Are democratic societies happy because they are composed of satisfied fools? I've now made the time to read the two book reviews here, though I still don't know the answer to the question. Behavioural economics, heh? What a rich field.

I can't be a real writer because I've only just learned (in the context of an excellent stage direction) that the example writers always quote is Guy de Maupassant's line: "He was an elderly gentleman with ginger whiskers who always somehow made sure he was first through the door." (Source — an amusing article, in which Mr Boyce also recommends the excellent "Karoo".) I know you shouldn't judge a book by its cover, but I'm glad I did in this case:

Steve Tesich novel Karoo

And just look what nestles against it on my shelf. Dangerous business, this writing (ma)lark(ey).

Grumpy-pumpy... dept.

It's 41 years (and one month) since I first heard the episode of "I'm sorry I'll read that again" that BBC7 is currently transmitting. First time round, I seem to remember finding it a lot funnier. Particularly the appalling puns of John "Otto" Cleese. Still, the audience laughter seems genuine.
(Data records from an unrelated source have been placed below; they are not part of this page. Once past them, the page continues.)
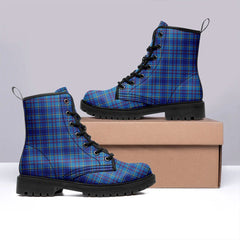 Mercer Modern Tartan Leather Boots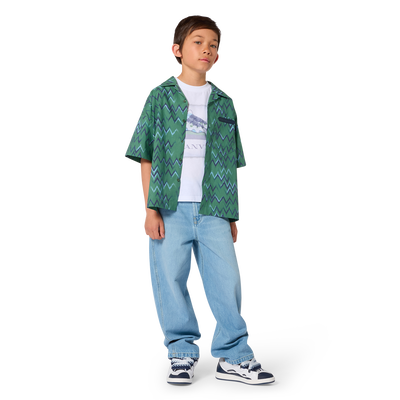 CAMISA DE MANGA CURTA LANVIN BOY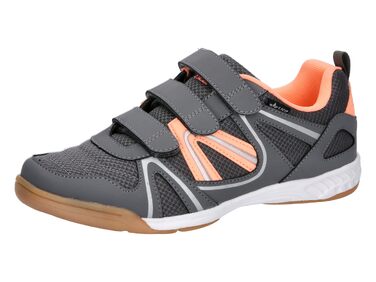 Спортивні кросівки для залу Lico Unisex Fit Indoor V, сіро-лососеві, розмір 36 EU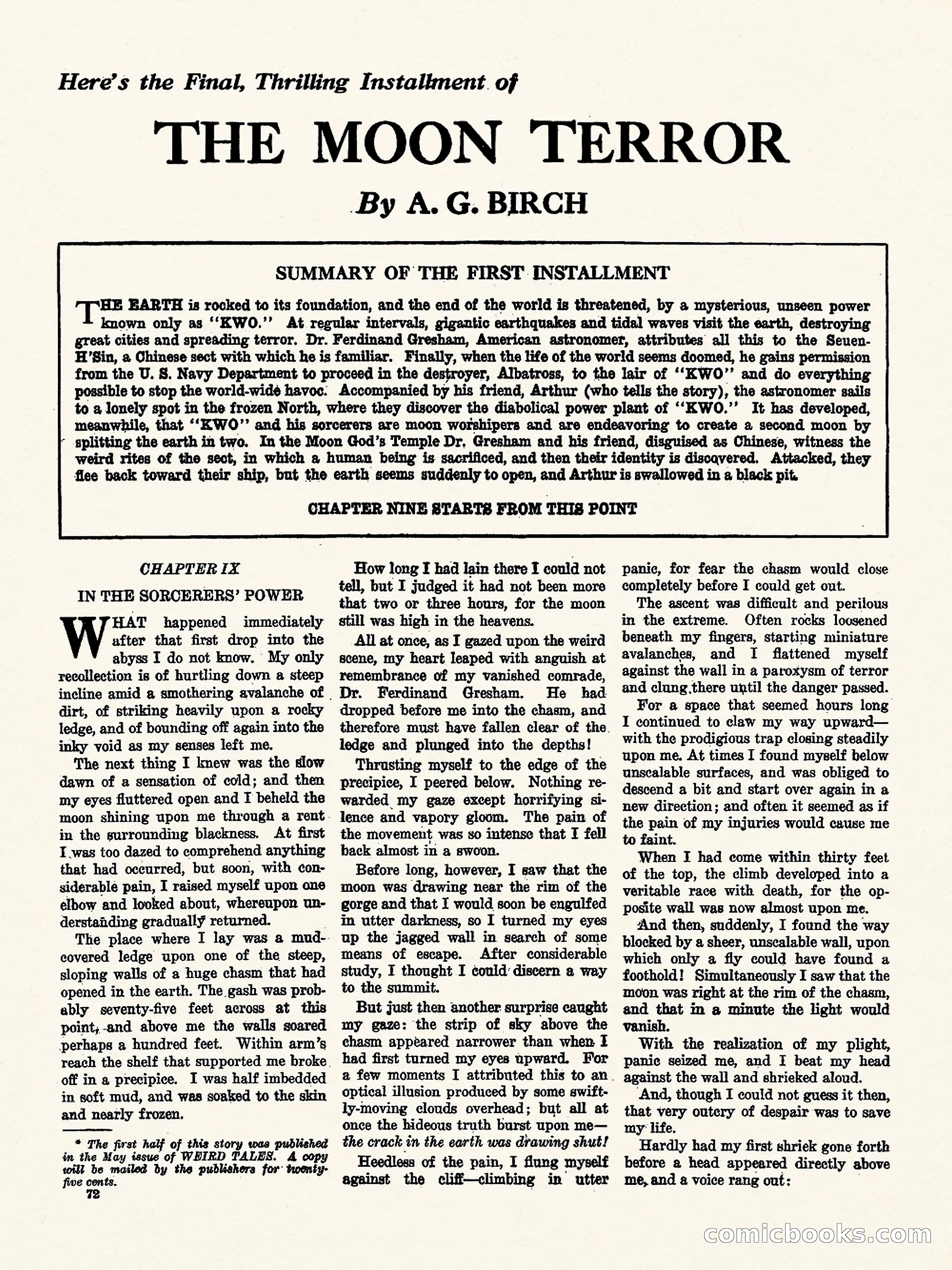 Weird Tales, Vol. 1, No. 4 — page 73 of 122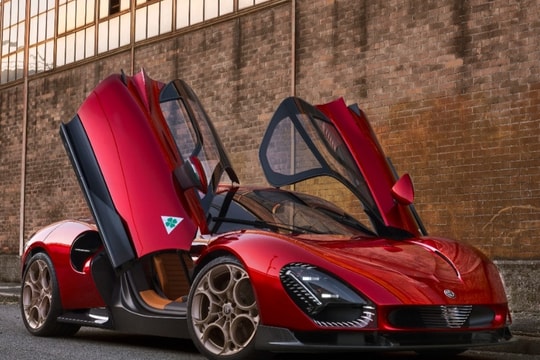 Alfa Romeo trở lại thế giới siêu xe với siêu phẩm triệu đô 33 Stradale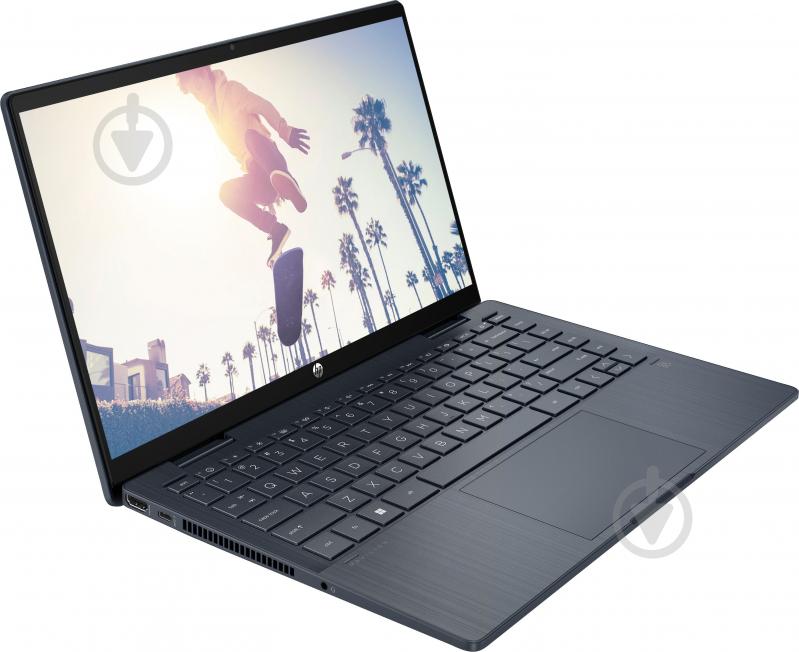 Ноутбук HP Pavilion x360 14" (826T0EA) space blue - фото 4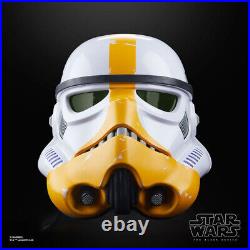 Star Wars The Black Series 1/1 Artillery Stormtrooper Helmet Electronic Headset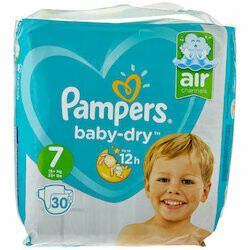 Pampers Couches Baby Dry Gr. 7 Extra Large 15+ kg 31 pièces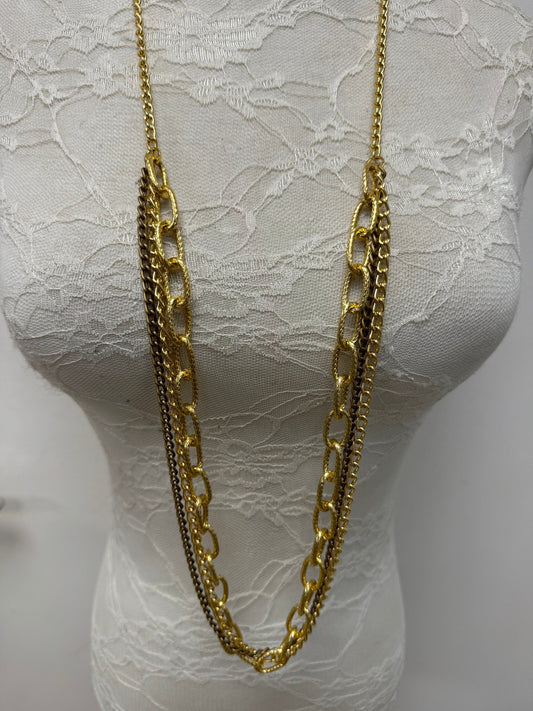 Chain necklace, necklace, gold chains, chain,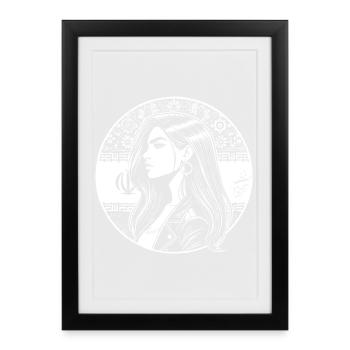 Design persan – Fierté et élégance - Affiche encadrée (27 × 37 cm) - noir - Devant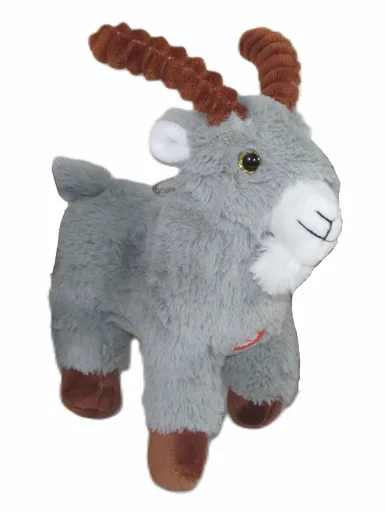 Plyšák Kozlík se zvukem šedý – 22 cm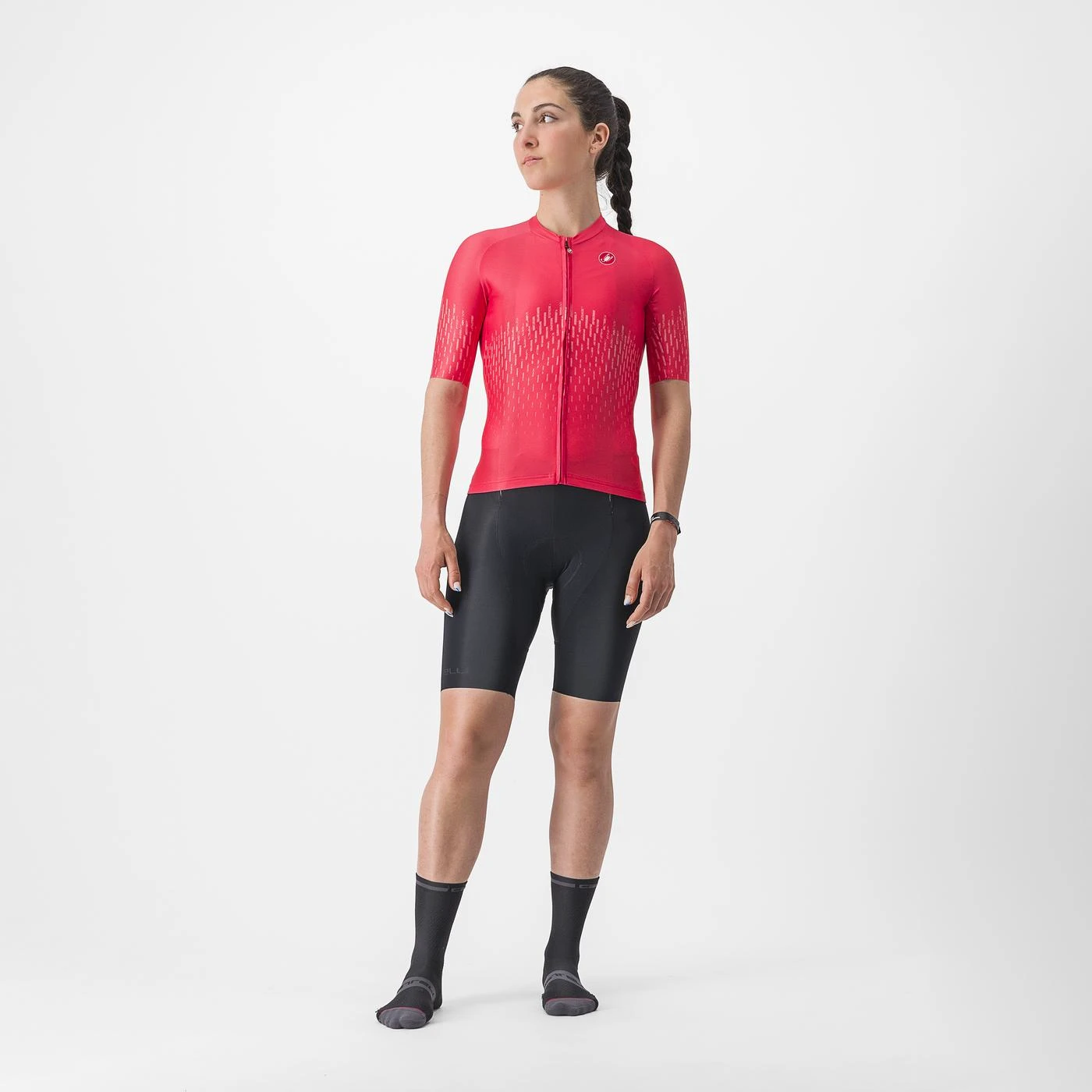 6. Tricou cu maneca scurta Castelli Aero PRO W, de dama, Rosu, S S, Rosu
Come to think of it, it's also well over 30 years since the last time I made my own dental appointment. I've just had a postcard with a fang-filled crocodile on it, reminding me that I was last there last September. My! Time flies in this retirement world, doesn't it? It's also just been confirmed that the Pope doesn't wear Prada. (If he did, presumably they'd be full of soul?) Oh, and there's a risk of high pollen — tell me something I can't sniff out for myself.

In earlier times... dept.

... back when I still maintained a science fiction card index system (and we're talking somewhen between the 30 and 40+ years ago era) I sadly realised I had to start adding icons against authors to mark their demise. Today's "delivery" of the latest Ansible reminds me this is a sadly never-ending task. Algis Budrys is a recent casualty — I still recall his 1958 novel "Who?" <Sigh>

Goodness me, it's already approaching 18:00, let alone the end of June. Incredibubble.

It's been too long since David Langford's previous "Cloud Chamber", too. This made me giggle:

Brian Ameringen's favourite selection from Arthur N. Scarm's "very rare" The Werewolf vs Vampire Woman (1972) was: "Waldo had no intention of harming Ruth. In one yank he pulled of[f] her silk blouse and lace bra and left her defenseless against any young child who might come along who wanted his lunch." I decided not to include this in Ansible 248 because it looked too much like the author being intentionally funny, which is not in accordance with the Spirit of Thog. But Brian protested, and I must admit that Scarm is such an inept writer that he very likely wouldn't recognize humour if it came up to him and sucked his nipple.

David Langford in Cloud Chamber 158

It's a good Job(s) Steve...

... isn't here, with his infamous reality distortion field. The iMac has crashed, yet again, rather than letting me eject the iPod. Industrial strength? Rock solid? Don't make me laugh! Oh well, back to XP!

Spooky. It's just (having rebooted the hard way) offered me a 59 MB upgrade to OSX 10.5.4 — perhaps it heard my muttering... I've left it to its own devices, as it were, at the far end of the study.